Bitcoin-Maximalisten und Anhänger der Österreichischen Schule der Nationalökonomie kennen das Konzept der Zeitpräverenz. Eine niedrige Zeitpräferenz bedeutet, dass eine Person oder Gesellschaft dazu neigt, zukünftige Vorteile höher zu bewerten als sofortige Belohnungen. Saifedean erklärt das Konzept in seinem Buch der Bitcoin Standard so: „Die Fähigkeit zu sparen und zu investieren, statt sofort zu konsumieren, ist die Grundlage für Zivilisation und wirtschaftlichen Fortschritt.“
In meinem österreichischen Umfeld gibt es einige Bitcoiner, die heute bewusst frugal leben und einen großen Teil ihrer Ersparnisse in Bitcoin investieren, um langfristig von dessen Vorteilen zu profitieren. Deflationäres Geld dämpft den Konsum und ist für mich der Inbegriff von Nachhaltigkeit.
Wenn ich allerdings mit Indien arbeite, erlebe ich meist eine deutlich höhere Zeitpräferenz. Der Fokus liegt oft auf einem schnellen Return on Investment (ROI). Inder neigen dazu, unmittelbare Anreize, rasche Gewinne und kurzfristige Erfolge zu bevorzugen.
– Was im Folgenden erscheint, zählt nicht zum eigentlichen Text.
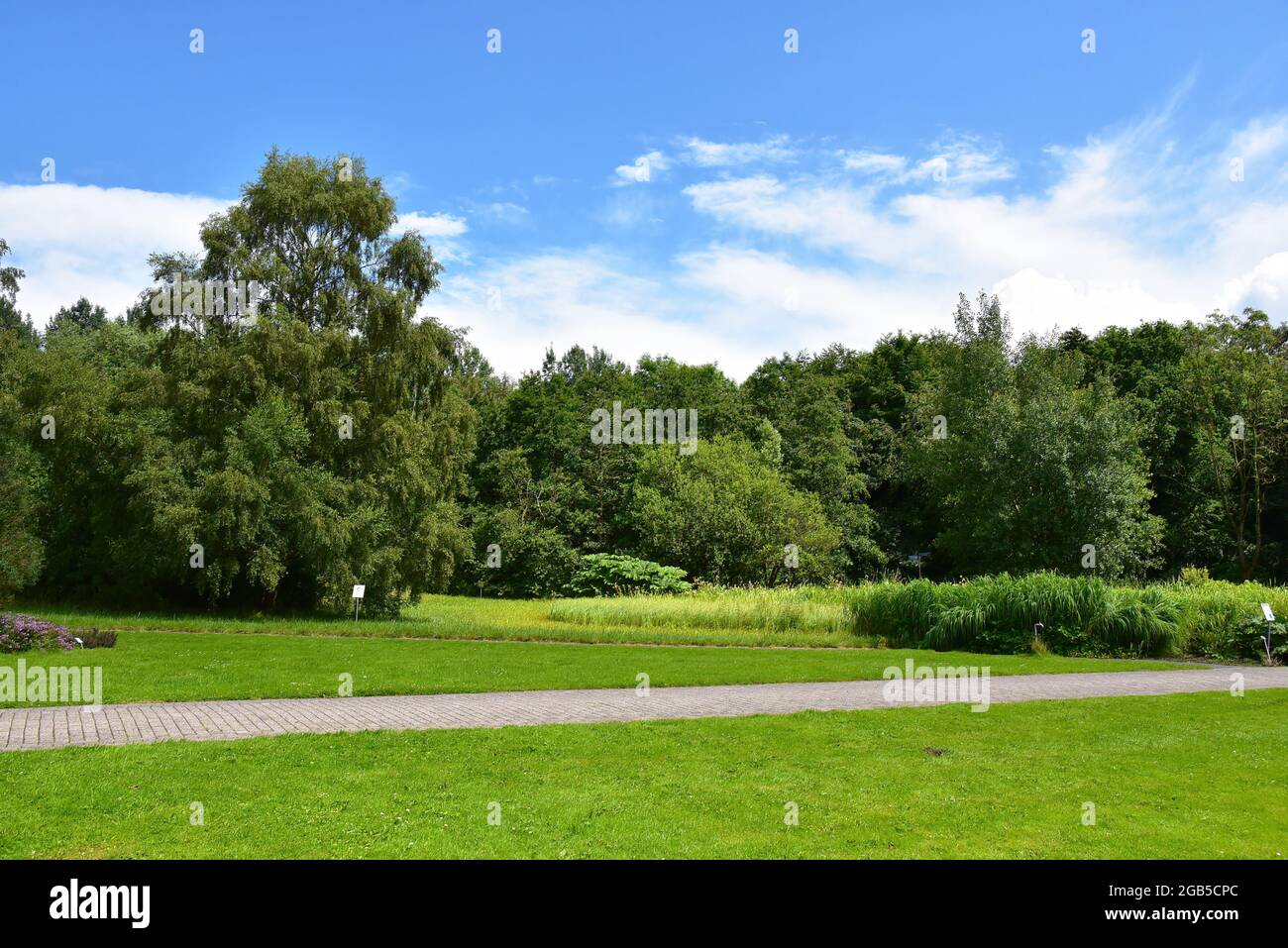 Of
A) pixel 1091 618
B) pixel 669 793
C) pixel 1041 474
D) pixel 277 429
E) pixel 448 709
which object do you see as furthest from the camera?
pixel 1041 474

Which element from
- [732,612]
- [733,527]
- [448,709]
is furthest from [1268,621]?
[733,527]

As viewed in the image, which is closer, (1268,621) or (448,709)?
(448,709)

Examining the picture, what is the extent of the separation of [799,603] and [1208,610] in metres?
10.2

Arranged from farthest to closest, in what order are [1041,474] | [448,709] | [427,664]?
1. [1041,474]
2. [427,664]
3. [448,709]

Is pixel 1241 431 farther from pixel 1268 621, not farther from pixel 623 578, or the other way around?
pixel 623 578

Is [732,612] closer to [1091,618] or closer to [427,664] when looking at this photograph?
[1091,618]

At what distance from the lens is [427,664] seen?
1664 centimetres

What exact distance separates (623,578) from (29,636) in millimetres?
28433

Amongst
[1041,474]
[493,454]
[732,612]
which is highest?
[493,454]

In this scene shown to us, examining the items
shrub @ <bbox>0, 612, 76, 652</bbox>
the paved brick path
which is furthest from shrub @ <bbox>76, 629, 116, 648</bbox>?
the paved brick path

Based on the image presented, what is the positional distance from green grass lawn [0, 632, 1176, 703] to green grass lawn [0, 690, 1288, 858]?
3.95 meters

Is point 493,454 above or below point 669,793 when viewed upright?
above

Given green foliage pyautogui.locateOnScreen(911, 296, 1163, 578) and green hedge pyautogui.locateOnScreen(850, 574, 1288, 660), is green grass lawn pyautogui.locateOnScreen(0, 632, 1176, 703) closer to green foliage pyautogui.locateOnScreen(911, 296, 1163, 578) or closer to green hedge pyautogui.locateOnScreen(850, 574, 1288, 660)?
green hedge pyautogui.locateOnScreen(850, 574, 1288, 660) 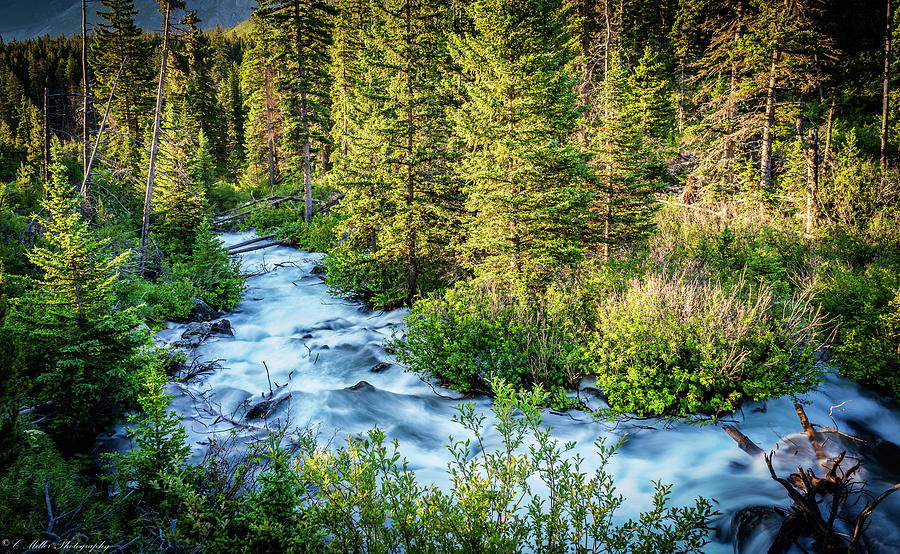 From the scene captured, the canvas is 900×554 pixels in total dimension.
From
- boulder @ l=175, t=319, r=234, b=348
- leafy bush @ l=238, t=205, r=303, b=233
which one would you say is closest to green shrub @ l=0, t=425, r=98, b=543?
boulder @ l=175, t=319, r=234, b=348

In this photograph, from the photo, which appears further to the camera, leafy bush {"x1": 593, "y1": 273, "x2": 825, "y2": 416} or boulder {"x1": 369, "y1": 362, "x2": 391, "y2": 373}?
boulder {"x1": 369, "y1": 362, "x2": 391, "y2": 373}

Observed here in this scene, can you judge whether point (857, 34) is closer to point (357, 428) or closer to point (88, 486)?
point (357, 428)

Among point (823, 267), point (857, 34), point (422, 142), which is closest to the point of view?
point (823, 267)

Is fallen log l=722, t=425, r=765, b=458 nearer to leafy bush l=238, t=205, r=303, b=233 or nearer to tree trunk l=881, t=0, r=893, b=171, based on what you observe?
tree trunk l=881, t=0, r=893, b=171

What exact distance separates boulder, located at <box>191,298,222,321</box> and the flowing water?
873 millimetres

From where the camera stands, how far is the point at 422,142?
37.9 ft

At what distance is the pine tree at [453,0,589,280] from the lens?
9172 mm

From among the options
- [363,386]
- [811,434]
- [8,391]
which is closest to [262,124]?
[363,386]

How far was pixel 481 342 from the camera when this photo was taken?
803 centimetres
Lieber der Spatz in der Hand als die Taube auf dem Dach.
Die Ursachen liegen tief in der Geschichte, Religion und Gesellschaft begründet. Indien war über Jahrhunderte hinweg ein Land mit hoher wirtschaftlicher Unsicherheit und weicher Währung (daher flüchten Inder traditionell in Gold).
Im hinduistisch geprägten Indien und der indischen Spiritualität liegt der Fokus stark auf dem „Hier und Jetzt“, da die Erlösung nicht erst in einer fernen Zukunft (nach dem Tod), sondern im gegenwärtigen Moment stattfinden kann. Viele religiöse Praktiken, Rituale und Gebete zielen darauf ab, sofortige göttliche Gnade oder karmische Vorteile zu erlangen.
So spiegelt sich diese Denkweise in vielen Bereichen des Lebens wider – sei es im Geschäftsleben, in der Arbeitskultur oder im Konsumverhalten. Ein sicherer, kurzfristiger Gewinn wird oft höher geschätzt als eine potenziell größere, aber ungewisse Zukunftsperspektive.
Instant Gratification
Im Geschäftsleben bedeutet dies: Indische Unternehmen handeln oft kurzfristig motiviert, opportunistisch und risikofreudig. Stichwort „Instant Gratification“. So wird India zu Instia.
- Kunden erwarten, dass sich Investitionen in ein Produkt oder eine Dienstleistung sofort lohnen – Rabatte, Deals und Sofortnutzen sind essenziell.
- Viele Kooperationen sind kurzfristiger Natur und eher transaktionsorientiert.
- Auch Arbeitnehmer haben eine höhere Zeitpräferenz: Wer nach einem Jahr keinen Gehaltssprung sieht, wechselt – wenn das Unternehmen sonst nichts zu bieten hat. Ein Job ist oft ein Vehikel zum schnellen Aufstieg.
Als europäische Unternehmer müssen wir das in Indien im Vertrieb, bei der Personalpolitik und in all unseren Verhandlungen mitdenken. Nicht dass wir den indischen Interessen immer nachgeben müssen – ganz im Gegenteil. Wir müssen unseren indischen Freund auch die langfristigen Potenziale aufzeigen und ihnen diese Perspektive geben.
Auch wenn indische Partner uns oft als starr und wenig flexibel wahrnehmen, schätzen und bewundern sie unsere Langfristigkeit, Qualität, Nachhaltigkeit und Beständigkeit. Während in Indien Projekte oft kurzfristig hochgezogen und ebenso schnell wieder aufgegeben werden, genießen deutsche Unternehmen dort hohes Vertrauen.
Indische Agilität UND europäische Nachhaltigkeit sind zwei gleichwertige Erfolgsfaktoren für erfolgreiche Geschäfte in Indien.